My resolutions for 2011:
1. Quit smoking for real this time 2. Convert to Christianity 3. Create Find that Birth Certificate (consider leaking it through wikileaks) 4. Take Joe Biden to the mall of America and ditch him just to see if he can find his own way back 5. Make a point of getting to know David Cameron on a deep personal level 6. Be more like Bill Clinton 7. Fire Hillary 8. Make a point of looking more pained and uncertain when talking about Afghanistan 9. Learn what really makes the economy grow, then ignore it (did that already in 2009 and 2010) 10. When asked by Michelle if something makes her look fat, answer NO without hesitation. No shifting in my seat, just answer immediately, "Of course not honey, don't be silly." 11. No more car analogies 12. Sell things better.

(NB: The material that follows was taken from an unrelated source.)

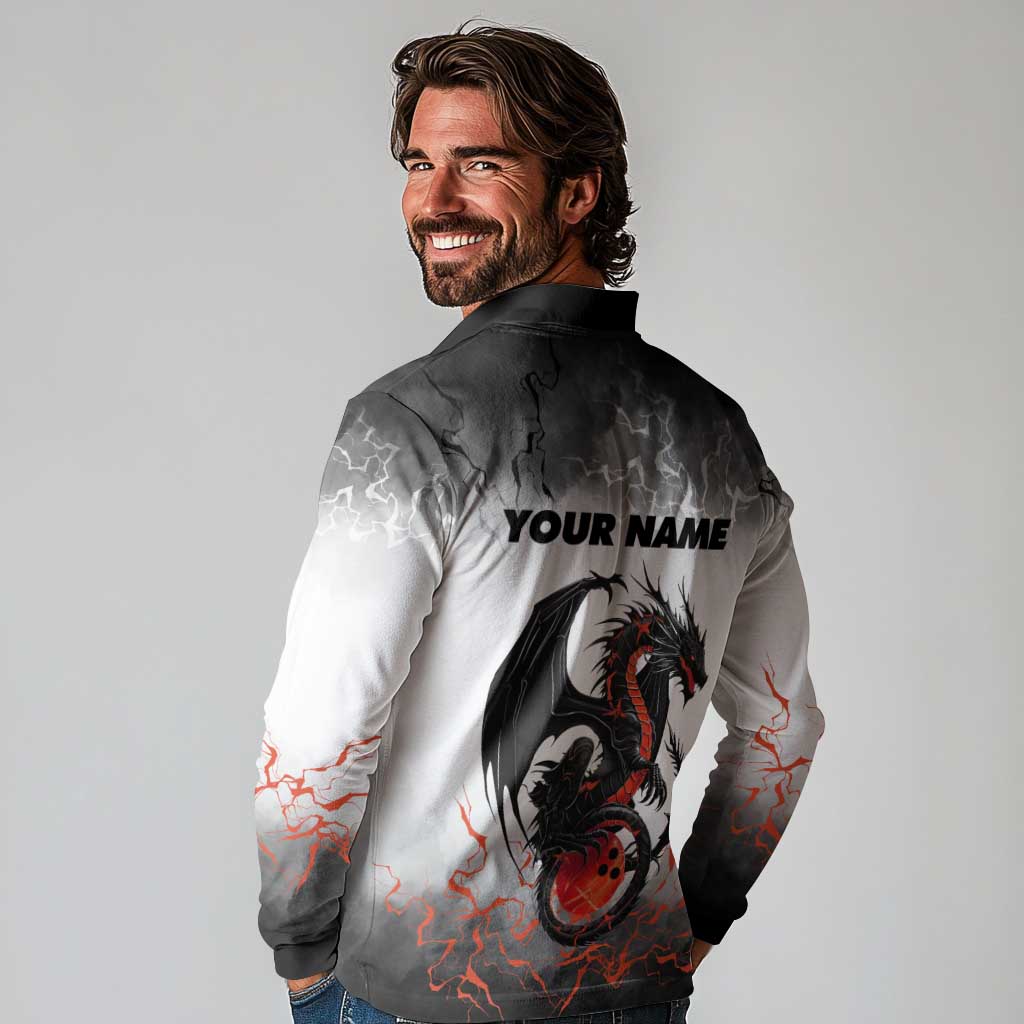 Custom Black Dragon Bowling Long Sleeve Polo Shirt with Fiery Ball and Thunderstorm Lightning Pattern - Wonder Print Shop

Get out there and sell, sell, sell. (see #6)
Well that's it, like I said this was a rough draft, maybe he gave up on the whole resolution thing all together. Do you do resolutions? We have a poll, of course, over in the sidebar.
I prefer to review what I've learned from 2010 rather than make resolutions for the next year. It's more painful and humiliating, but far more realistic. Does it help? Do we learn from our mistakes? Not if you're Vice President of the United States you don't.
Something about the new year, especially when you're younger makes you think you can turn the page, be someone different. It's an illusion but a nice illusion. Maybe it's too late to be a relief pitcher for the Phillies, but maybe in striving to become one you play catch with your son or daughter more often.
It gets harder to believe in yourself when you get older, you know yourself too well to ever really think you can change. Not all change is good either as we've learned. But you have changed haven't you? I know you're around you so often you don't notice, but seriously, aren't you a better person than you were five years ago? Yeah, neither am I. I'll keep trying if you do.
Okay, so what I've learned in 2010;
1. Even Barack Obama can't talk his way out of everything 2. I will never again attack fruitcake on this blog 3. The New York Yankees can't buy everything they want (thank you Cliff Lee) 4. If you leak anything which embarrasses the United States, Daniel Ellsberg and his friends will come out of the woodwork to defend you, no matter what it is you leaked and who it hurts 5. I need to be more concise and not repeat myself as much 6. I need to be more positive... then again I'm going to be writing about Afghanistan in January... 7. Apparently the Collin Street Bakery in Corsicana Texas makes really good fruitcake. 8. Keith Olbermann is going to provide great material for this blog in 2011. Why I could devote the whole blog to him, but I might get ill 9. Tucker Carlson has burned his bow ties 10. Michael Vick is living proof that some people can be scared straight by prison. I also learned that its less dangerous defending Julian Assange than Michael Vick and how screwed up is that?
I'm not world famous for my sincerity, but in all seriousness, thank you for coming to this blog. I hope your Holidays have been great so far, may you and your loved ones be safe and Happy in the coming year. Happy New Year!
Happy New Year everyone.
Thanks for not excerpting!
Funny...I don’t remember anyone smearing Assange in this sleazy way when he was releasing the classified Climategate memos.
I think Baraq has a bleak future, LOL.
Imaging running for POTUS with a record of 4 yrs @ 10% unemployment and $5 gasoline?
You’ve made enviable progress on the fruitcake issue. Keep it up so that us “Fruit Cakers” won’t have to flame you this time.
You’ve been warned.
“When asked by Michelle if something makes her look fat, answer NO without hesitation”
Stick to that one at least, Mr. President!
Or run the danger of being knocked out frequently!